Il reste à se pencher là-dessus, ce n’est pas à moi de dire qu’on va vers cette direction ou une autre. Nous allons tenir un colloque le 23 octobre 2010 qui va porter sur l’avenir des médias écrits communautaires. Ce sera le 30e anniversaire de fondation de l’Association. Moi, je voudrais faire un 30e anniversaire qui ne soit pas tourné vers le passé, mais plutôt tourné vers l’avenir, en commençant à s’interroger là-dessus. On va aborder la problématique d’Internet à ce moment-là.

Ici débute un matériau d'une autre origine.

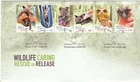 2010 Wildlife Caring Rescue to Release (Gummed) FDC - Santuary Cove Qld 4212
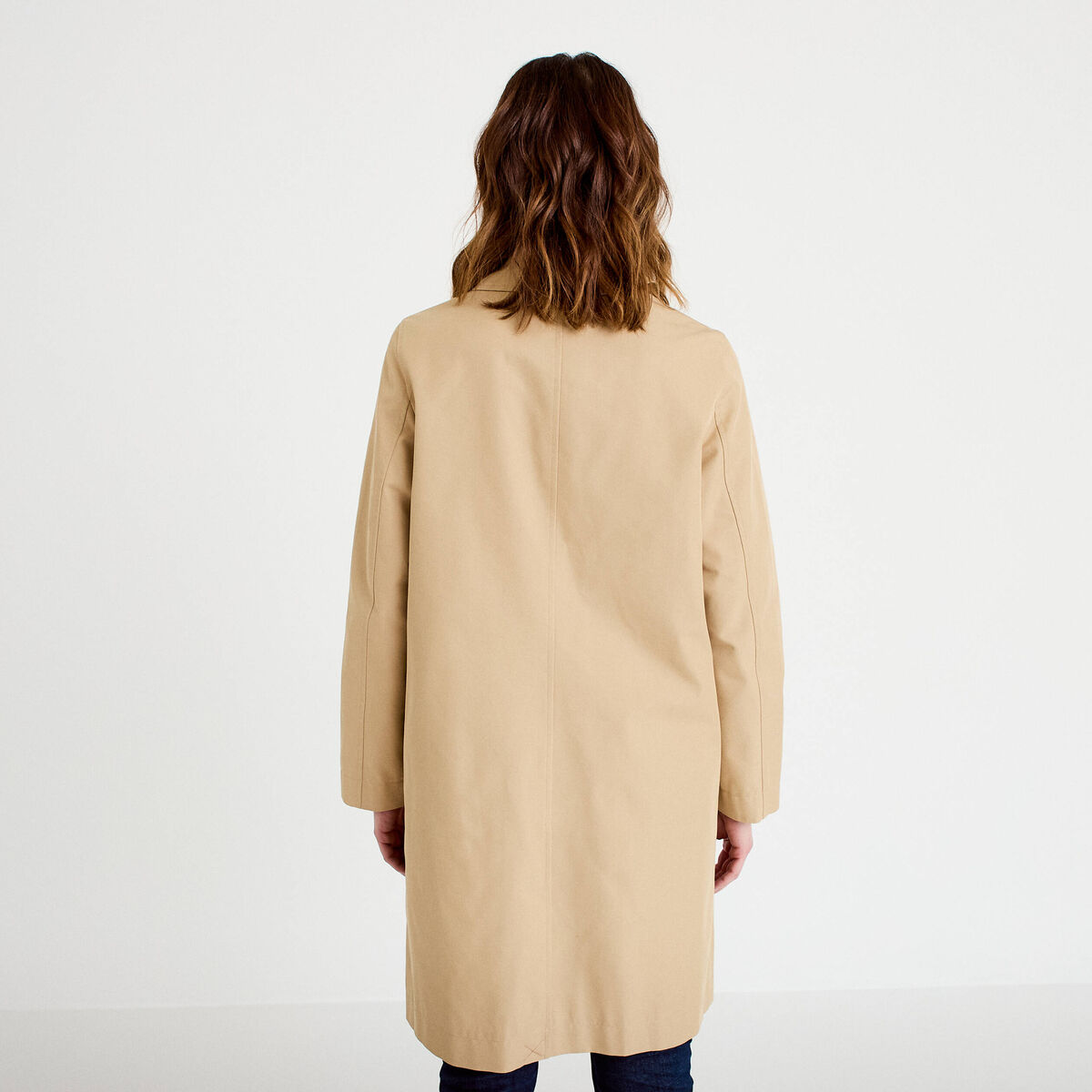 Trench col chemise sable femme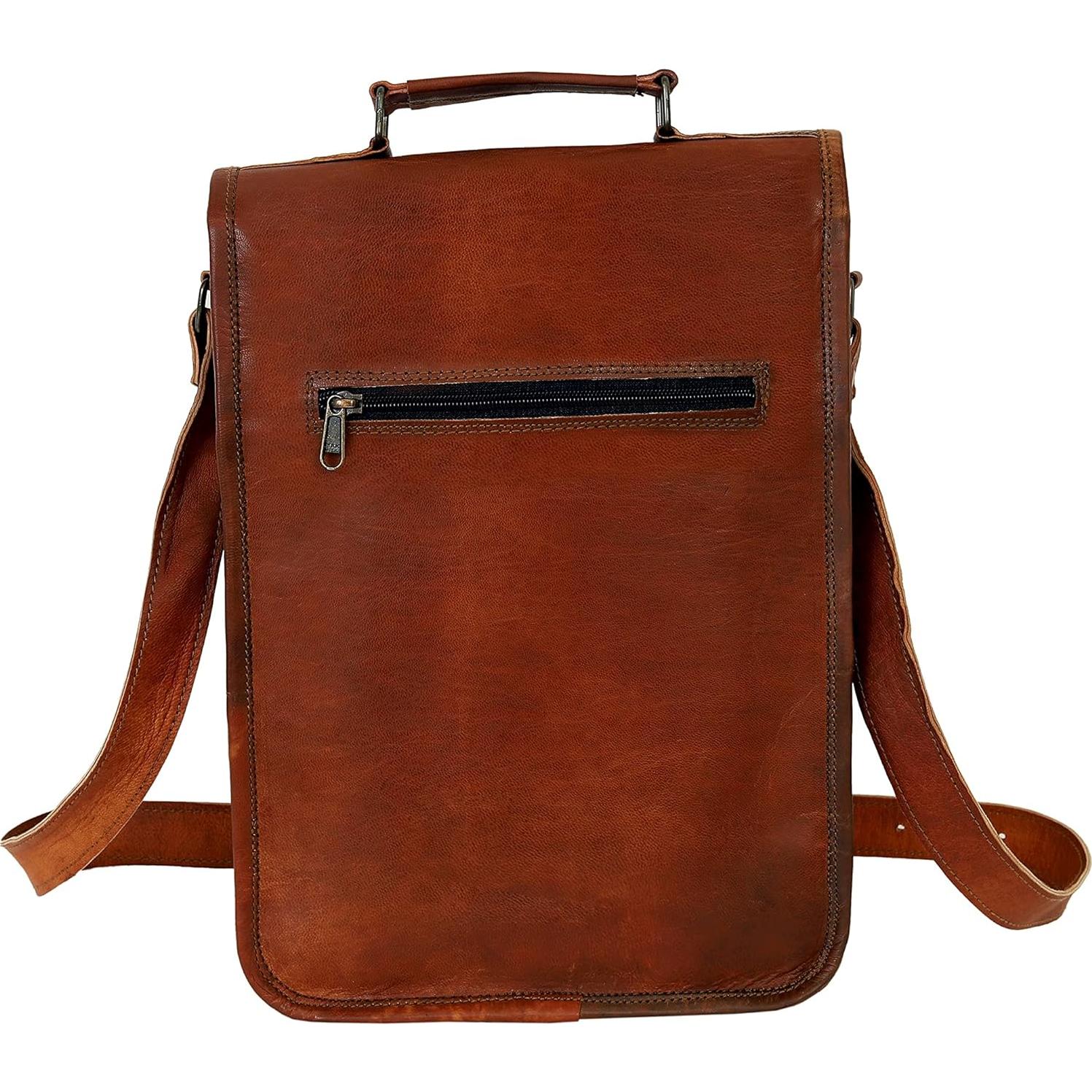 Bolsa de Mensajero de Cuero para Tableta 13" - Dañada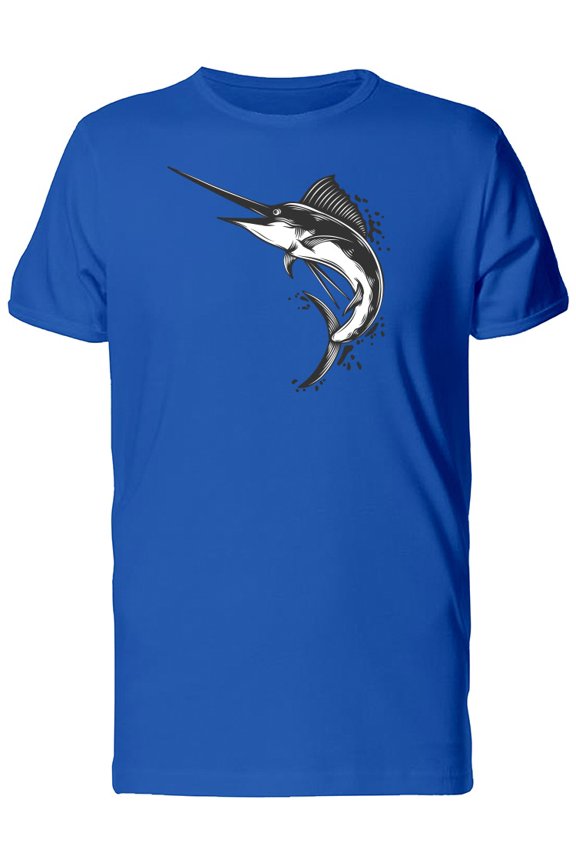 Sketch Swordfish T-Shirt Men -Image by Shutterstock, Male Large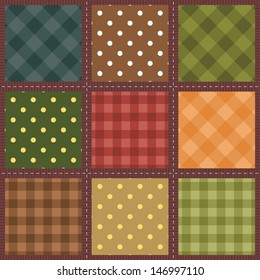 patchwork background with different patterns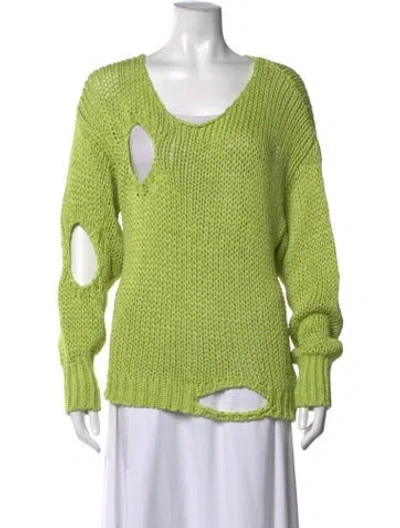 Pre-owned Paloma Wool V-neck Sweater In Green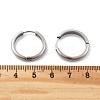 201 Stainless Steel Hoop Earrings LS-EJEW-P304-15B-P-5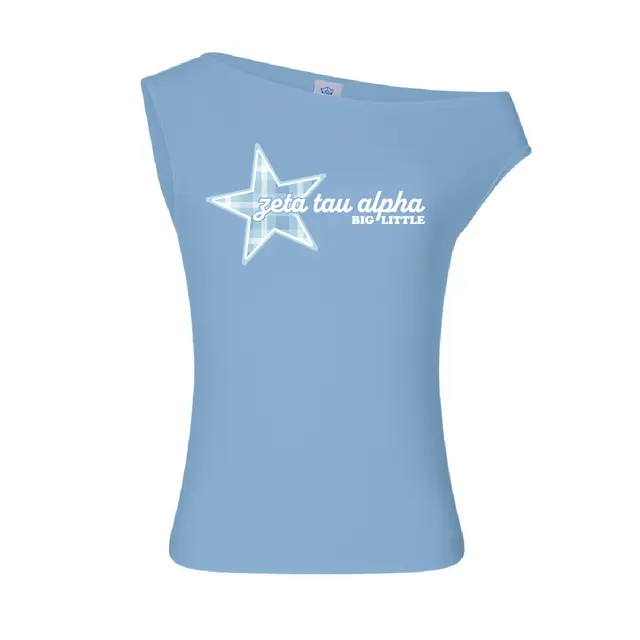 Zeta Tau Alpha Plaid Star Big Little Reveal Tank 2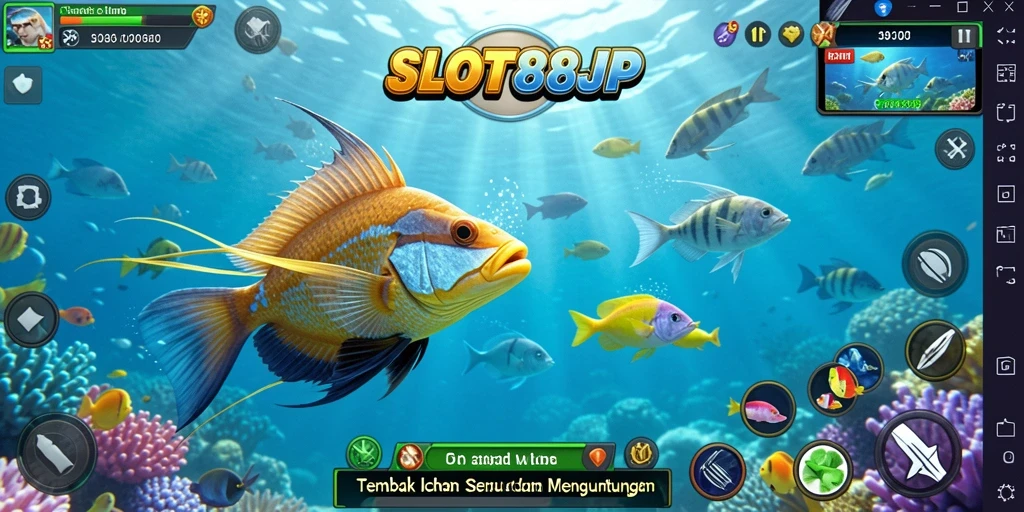 Tampilan gameplay menembak ikan yang seru di SLOT88JP.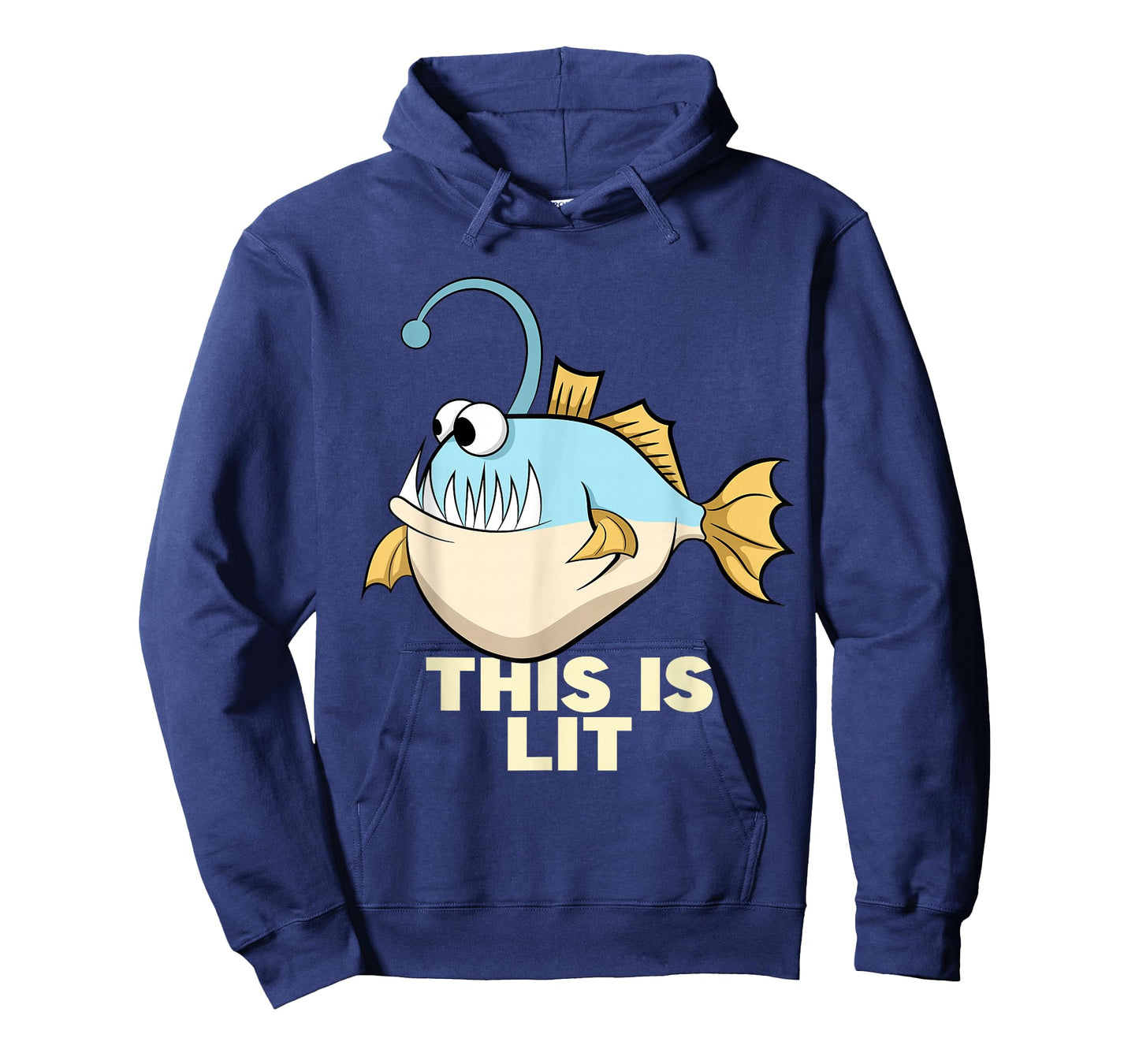 This Is Lit Angler Fish Monster Fishing Fisherman Anglerfish T-Shirt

- Et je suppose que la problématique du financement sera aussi toujours présente lors de ce colloque. C’est une problématique récurrente des journaux communautaires.
Disons que depuis qu’il y a le programme avec le Ministère ça va mieux, il s’agit d’une partie du financement, ce n’est pas la plus grosse partie, c’est la partie qui permet de dire : on a une base. Avec la crise économique, on s’est dit que les journaux communautaires allaient subir le contre coup. Eh bien, non. Ils ont bien survécu à cela, ils n’ont pas été affectés par la crise. Les revenus publicitaires n’ont pas baissé. On a peut-être eu un journal qui a fermé, en partie à cause de la vente de publicité, mais il y avait d’autres problèmes avec ça. Les journaux communautaires ont bien survécu globalement, les commerçants ont continué à annoncer dans le journal. Il faut savoir que les financements provenant des publicités représentent environ entre 75 et 80 %. Et étant donné que les journaux communautaires sont généralement produits par des bénévoles, la majorité n’ont pas de salaires à payer et il y a parfois un local mis à sa disposition gratuitement par la municipalité. Les coûts de production sont alors moins élevés. Il faut que la vente de publicité compense les coûts d’impression de distribution, c’est ça le gros des dépenses, alors ça va bien avec le questionnement de tout à l’heure, avec Internet, il n’y a plus ce problème. Alors ça va faire partie de notre réflexion, mais à ce moment-là le Ministère va se dire : Tiens, si le journal n’a plus à payer les frais d’impression, on n’a plus à payer de subventions. Ça va être un autre problème, il faut commencer à réfléchir à ça.